[[ Information supplied, beginning ]]

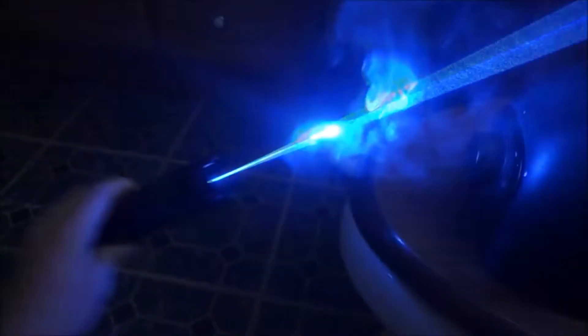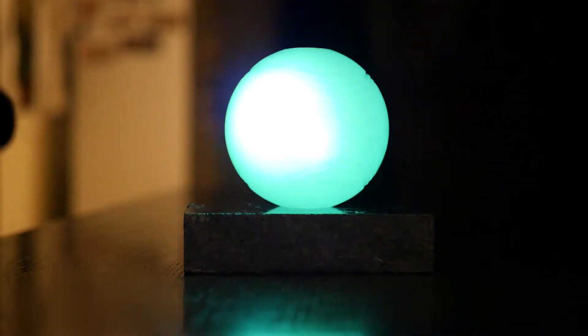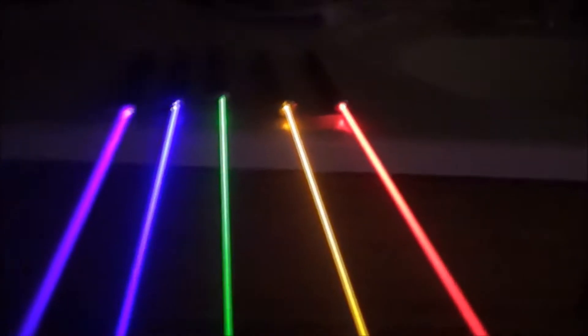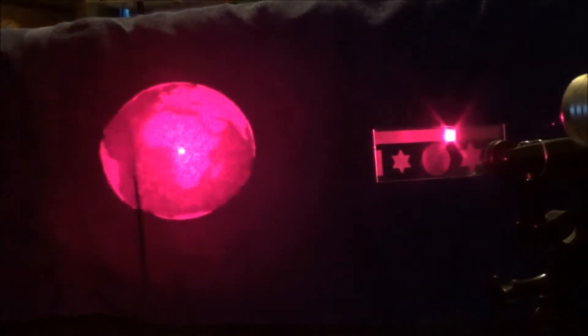Thank you very much for clicking this video and welcome to my channel Laser Focus, a YouTube channel dedicated to all things lasers. Some of you might just be discovering this channel for the first time, and others might be coming over from my other channel XM360, where I feature a lot of video game content.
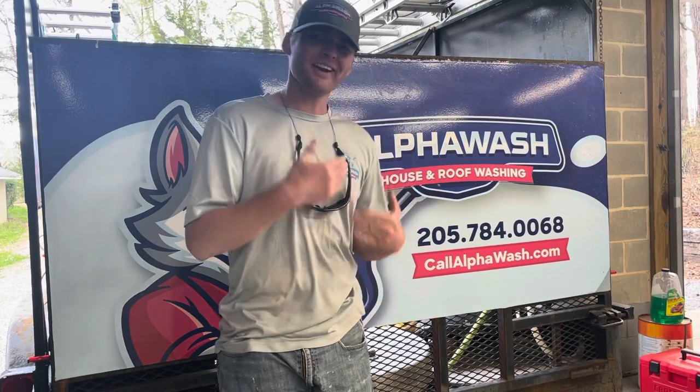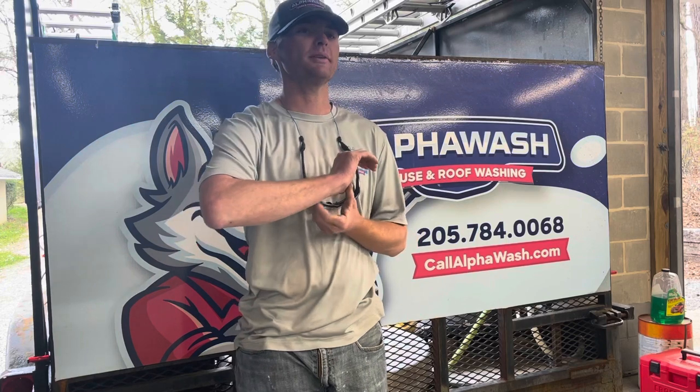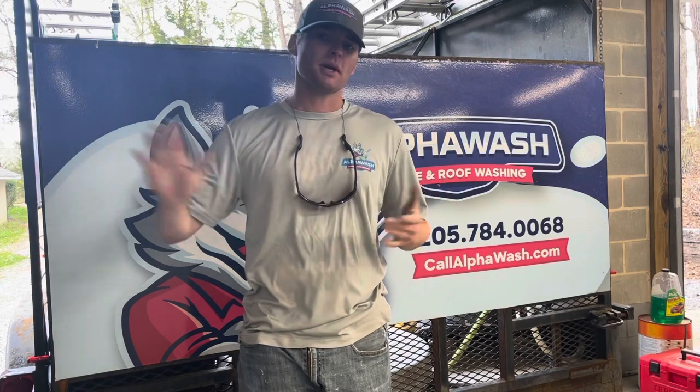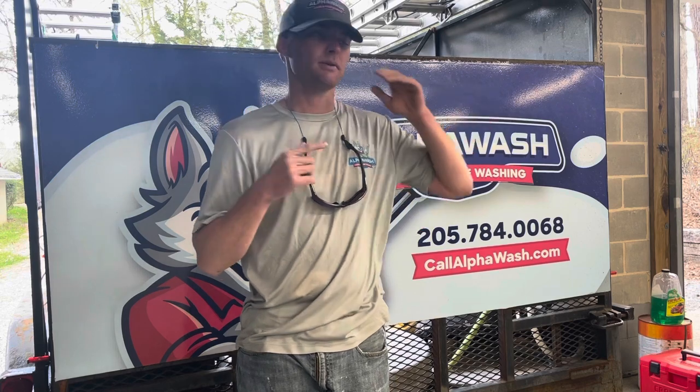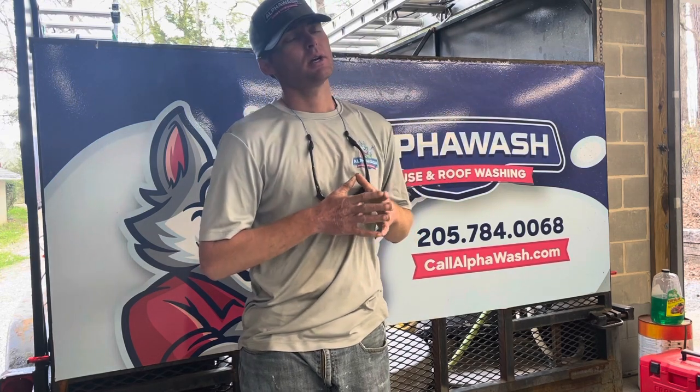I want to tell you today about the vehicle that we've decided to go with as we scale this company. We want to keep the vehicles matching, and what we've decided to go with is a van. The reason we decided to go with a van is that it can hold a lot of weight, we've got a lot of area on the side to put our branding — a lot of real estate, as I like to call it — so we're getting our brand reps in as far as our local community goes. The other reason we chose a van is because they're significantly cheaper than a truck and they can hold the same amount of weight.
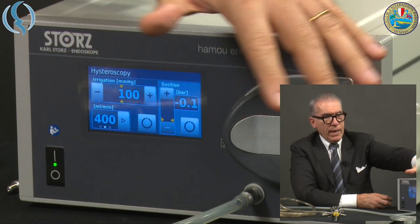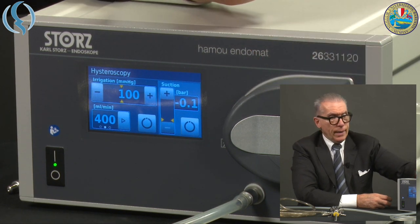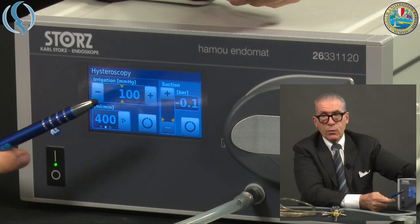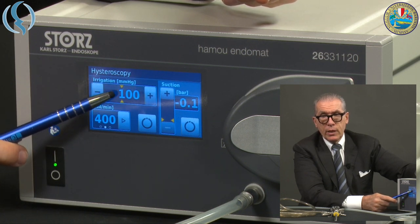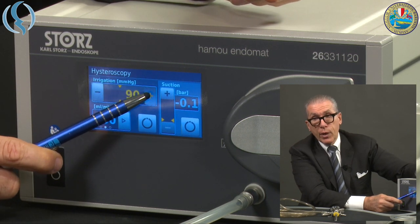The screen shows the irrigation, the suction, and the flow — as in the previous version. There are not many cables going around, so the connection is much easier. Regarding the parameters, you can regulate the default irrigation pressure using these two arrows to increase or decrease the pressure.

[[ Information supplied, end ]]

- _Work instructions_: Only the pictures are to be left out; restate everything else in the listing word for word.

- _Written solution_:
Thank you very much for clicking this video and welcome to my channel Laser Focus, a YouTube channel dedicated to all things lasers. Some of you might just be discovering this channel for the first time, and others might be coming over from my other channel XM360, where I feature a lot of video game content.
I want to tell you today about the vehicle that we've decided to go with as we scale this company. We want to keep the vehicles matching, and what we've decided to go with is a van. The reason we decided to go with a van is that it can hold a lot of weight, we've got a lot of area on the side to put our branding — a lot of real estate, as I like to call it — so we're getting our brand reps in as far as our local community goes. The other reason we chose a van is because they're significantly cheaper than a truck and they can hold the same amount of weight.
The screen shows the irrigation, the suction, and the flow — as in the previous version. There are not many cables going around, so the connection is much easier. Regarding the parameters, you can regulate the default irrigation pressure using these two arrows to increase or decrease the pressure.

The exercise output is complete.